Hong Kong recently saw the launch of Design Trust, a privately funded grant-providing foundation that aims to support the creative industries in Hong Kong and the greater Pearl River Delta region. As the city continues to work towards becoming a creative hub in Asia, the grants provided by Design Trust are welcome.

Open to applicants from disciplines as diverse as graphics, media, fashion and the built environment, the foundation’s grants fall into two categories — Research Fellowship Grants and Cultural Projects Grants — designed to allow beneficiaries to expand their portfolios, gain additional skills and develop much needed research.

This year’s Research Fellowship Grant partners with M+, a Hong Kong museum focusing on 20th- and 21st-century art, design, architecture and moving image, and is titled the M+ / Design Trust Fellowship Grant.

The inaugural grant recipient is Ling Fan, a designer, educator and entrepreneur whose project ‘Hong Kong as an Archetype: Revisiting Modernist Ideas of the City and its Urban Forms’ was selected from more than 40 applications. Fan’s research will explore the interpretation of Hong Kong’s modernist urban forms and the dialectics surrounding the city’s urbanisation; his aim is to sketch a critical understanding of the idea of a contemporary Chinese city.
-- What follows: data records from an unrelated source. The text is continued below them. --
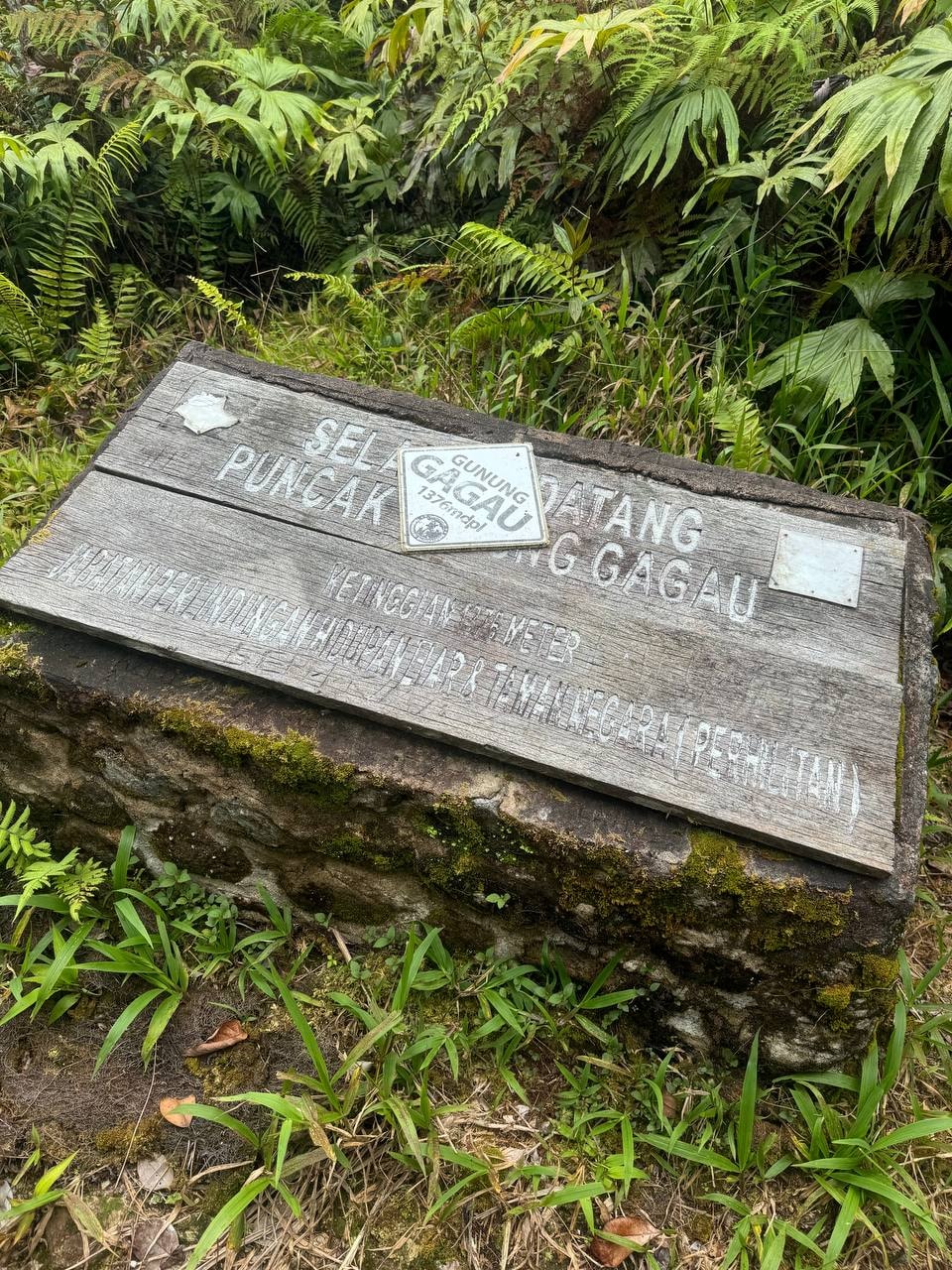 Gunung Gagau, Tasik Kenyir, Hulu Terengganu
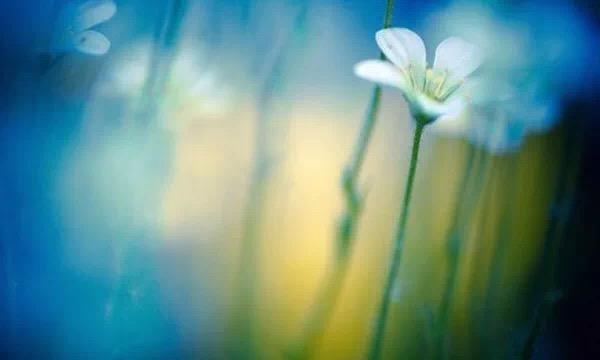 余生不长,怎么开心怎么过!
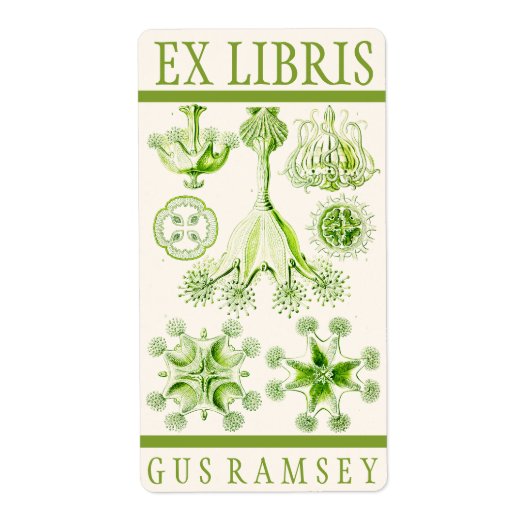 Ernst Haeckel Stauromedusae Boekplaat Etiket (Voorkant)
The Cultural Project Grant provides grants to individual designers, architects, cultural practitioners and non-profit organisations for projects related to design and architecture within the greater Pearl River Delta region. This is geared towards developing local design talent and promoting them internationally via talks, exhibitions, installations and residencies.

The inaugural Cultural Project Grant recipient is MAP Office, founded by artist / architect duo Valérie Portefaix and Laurent Gutierrez. The winning project, entitled ‘Hong Kong is Land’, will investigate and document eight particular communities and their respective economies with the aim of establishing an inventory of the uneven growth within the city. The research will aid thought progression on issues such as urban planning, housing density and population growth, and the final project will travel internationally, starting at MoMA in New York and moving to MAK in Vienna.

The Design Trust board of directors is comprised of a formidable line-up of architecture, design, arts, media and business luminaries; we welcome their initiative.